The furniture is rearranged for winter. That is because we must now prepare for FIREWOOD! The copper kettles have been taken off the hearth and hidden behind the couch. The long strip of plastic that protects the rug from the big yellow wheelbarrow is close to hand and just the sight of that wood piled to the mantle on the hearth makes me feel winter curling around my toes.
When we first built our house back in 1974 we thought the big fireplace would be a cozy wintertime treat to light once in a while when the snow blew. We would bring in a wheelbarrow load or two and stack it prettily on the hearth. Then, winter really set in. The electric furnace ran continuously to keep the house warm. We lit a fire. The living room grew cozy. We kept putting on logs and the furnace quit running. John was out and around helping Mac farm, so he didn’t notice how little the furnace purred. But I did. I kept piling on wood and the furnace kept not coming on. I kept doing this for a few days and the temperature remained pretty much constant at 70 to 75 degrees.
I finally asked John if he had been warm enough the last few days. When he said yes I told him we had been heating entirely with wood. Now. Whatever possessed me to tell him that! From then on it was logs all day, bank the fire at night, and rebuild it from the embers come daylight. The previous January our light bill had been $365. This January it was less than $50. We have a five-bedroom house and it was totally heated by that big old fireplace.
In the years Mac and Shelby lived here, Mac added a Buck stove insert to the fireplace, making it more efficient. But it still requires wood. That means the hearth is filled to capacity on either side of the fireplace and replenished a couple of times a week. John takes the utility tractor to the wood shed, fills the scoop with wood and brings it to the front door. Then I bring over the big yellow wheelbarrow (which had been proudly ensconced in the living room) and fill it with before mentioned wood. Two or three trips loading and unloading fills us up again.
At first, John would get up in the middle of the night to put more wood on the fire. But as it got harder for him to get around, his wonderful wife would fumble out of the warm flannel sheets and grumble her way to the living room, pull on a pair of ugly brown gloves and throw on wood, hoping the sparks did not fall on her bare feet.
One day while John was gone, I had a hard time getting the fire to start. So, I thought about the oil for the lamps we used for power outages. “I bet THAT would burn!” I said to myself. So, I found the kerosene, poured it over the wood and lit a match. Had anyone told me how hot kerosene burned? Or what a fierce fire it would make? First thing I knew, John Layton pounded on the door and told me there was fire spouting out of the chimney. John was right behind him and they used garden hoses to put out the fire on the roof. Moral of the story, don’t use kerosene to start a fire in the fireplace.

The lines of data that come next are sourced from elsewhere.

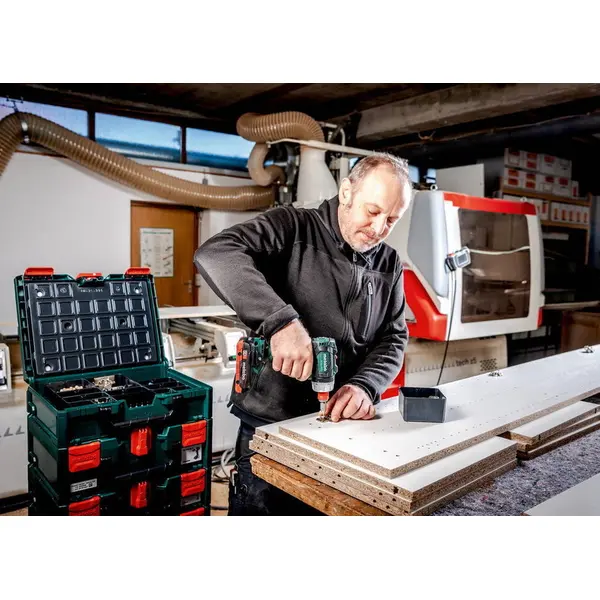 MetaBOX 118 Organize - Metabo
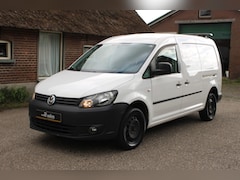 Volkswagen Caddy Maxi - 1.6 TDI 2X SCHUIFDEUR DEALER ONDERHOUDEN AIRCO ELEK. PAKKET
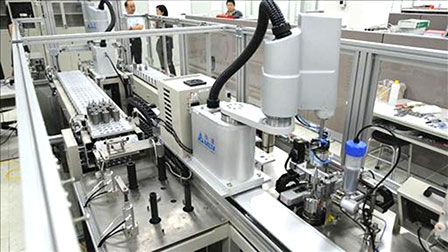 Trung Quốc trong xu hướng “robot hóa” ngành công nghiệp điện tử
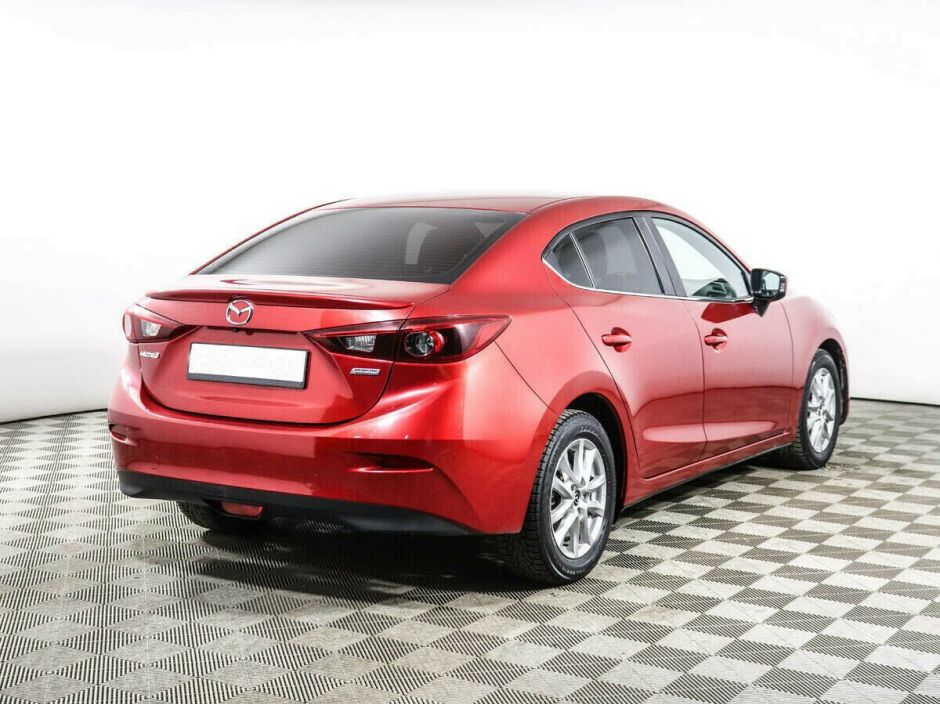 Mazda 3, 1.5 л, АТ, 2015 фото 5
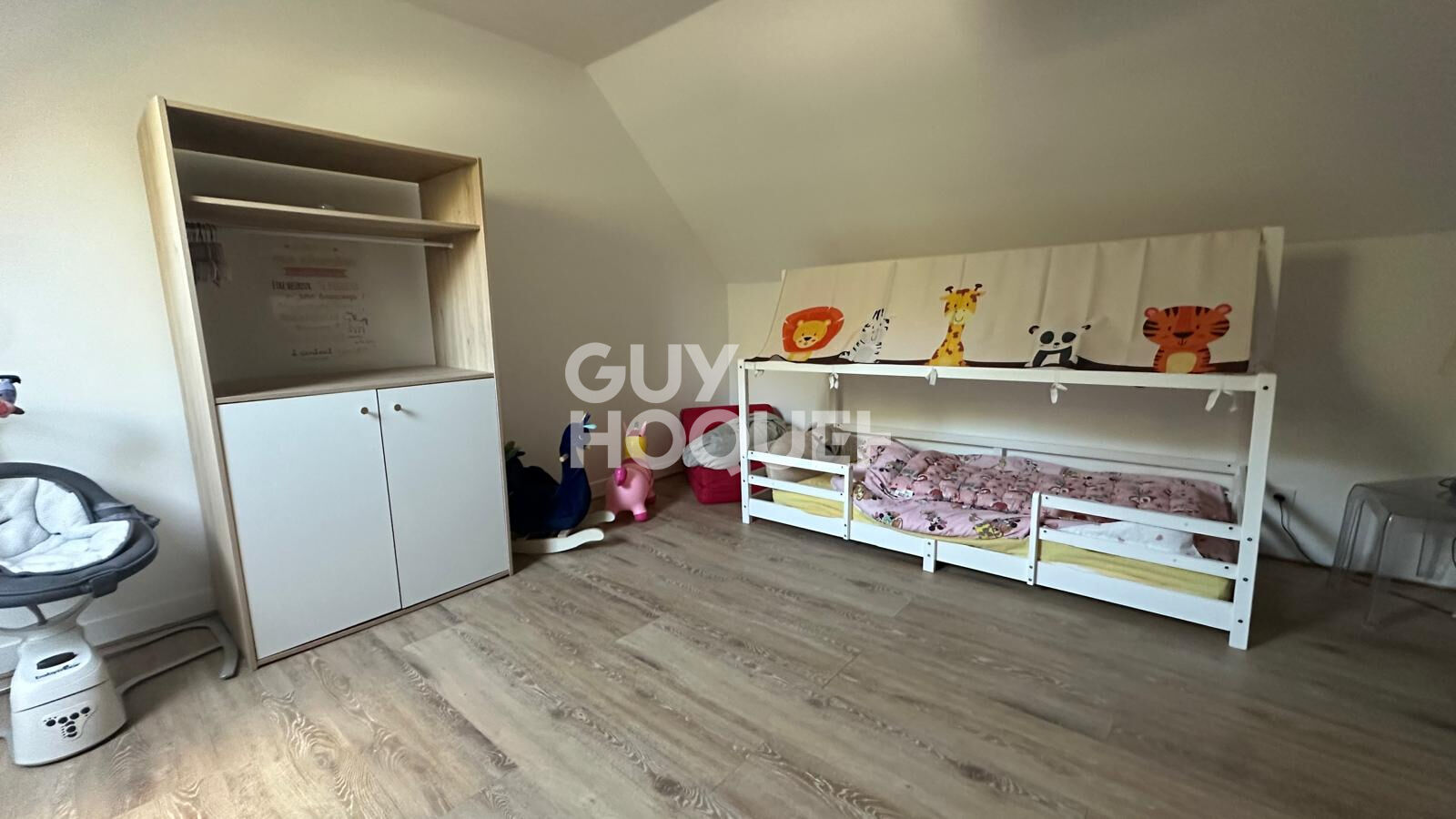 Maison 4 Chambres - pas de travaux - quartier recherché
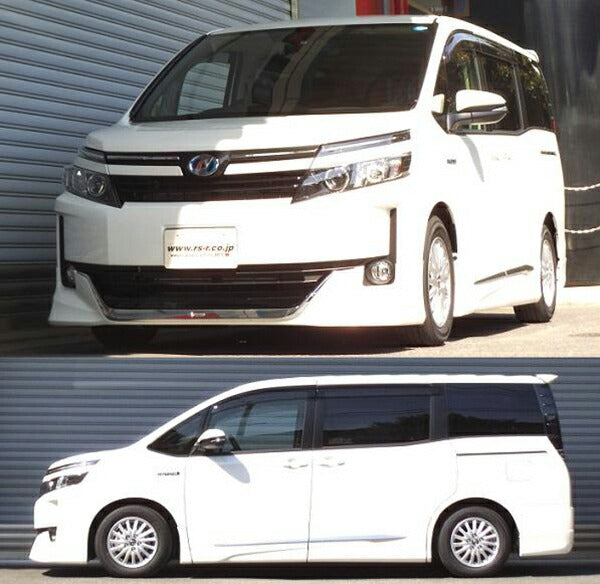 RS-R Ti2000 DOWN トヨタ ヴォクシー ZWR80G 2014/02〜2021/12 T931TWR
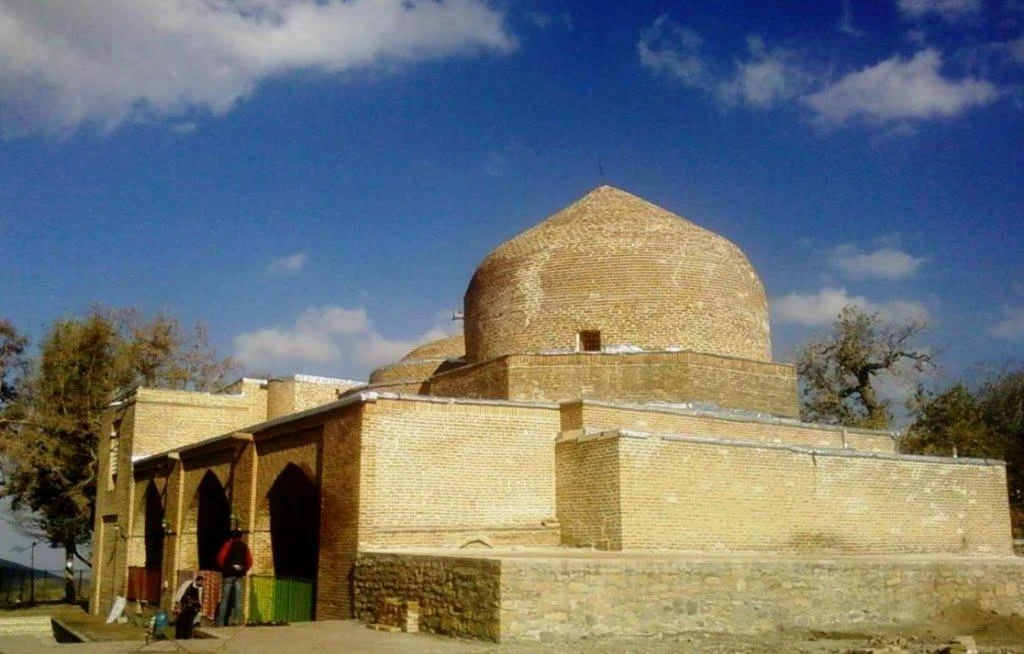 امام زاده محسن سولان همدان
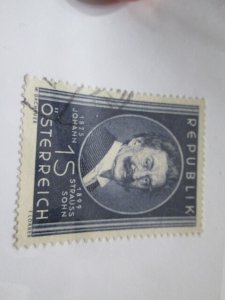 Austria #560 used  2026 SCV = $2.00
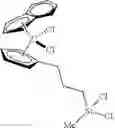 Fig. 10 - Non-bridged metallocene complexes for the polymerization of olefins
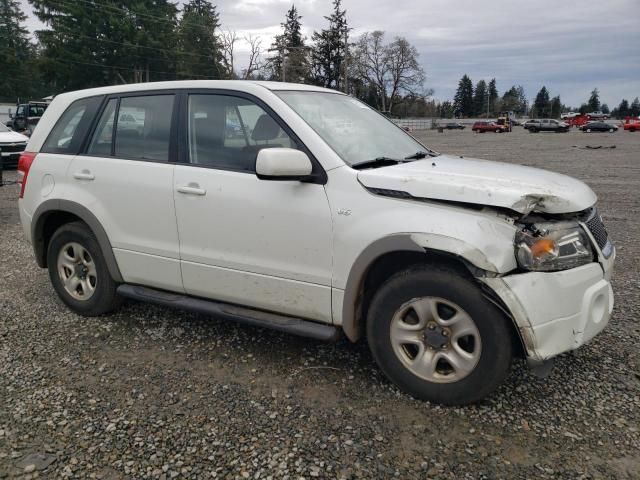 2008 Suzuki Grand Vitara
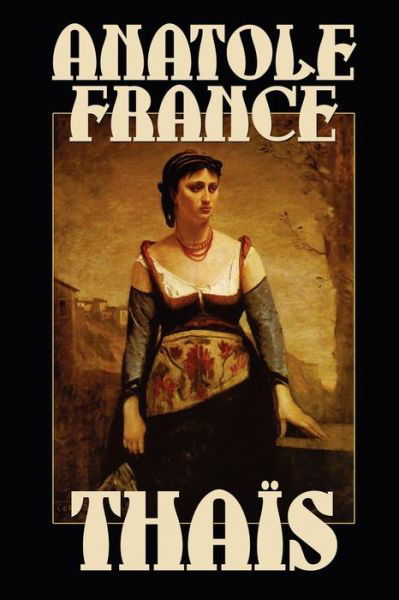 Cover for Anatole France · Thais (Pocketbok) (2024)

You would think that incident would have gotten me fired. Nope. I’m still the keeper of the flame. Only a bit more careful. The only thing that has changed is that now a grandson or neighbor brings the wood to the front door and stacks it for us. But the rest is up to us.
The wood awaits. The firebox is cleaned and ready. The leaves have turned gold and red and soon the smell of wood smoke will waft across the Big Pine valley. Where are those gloves?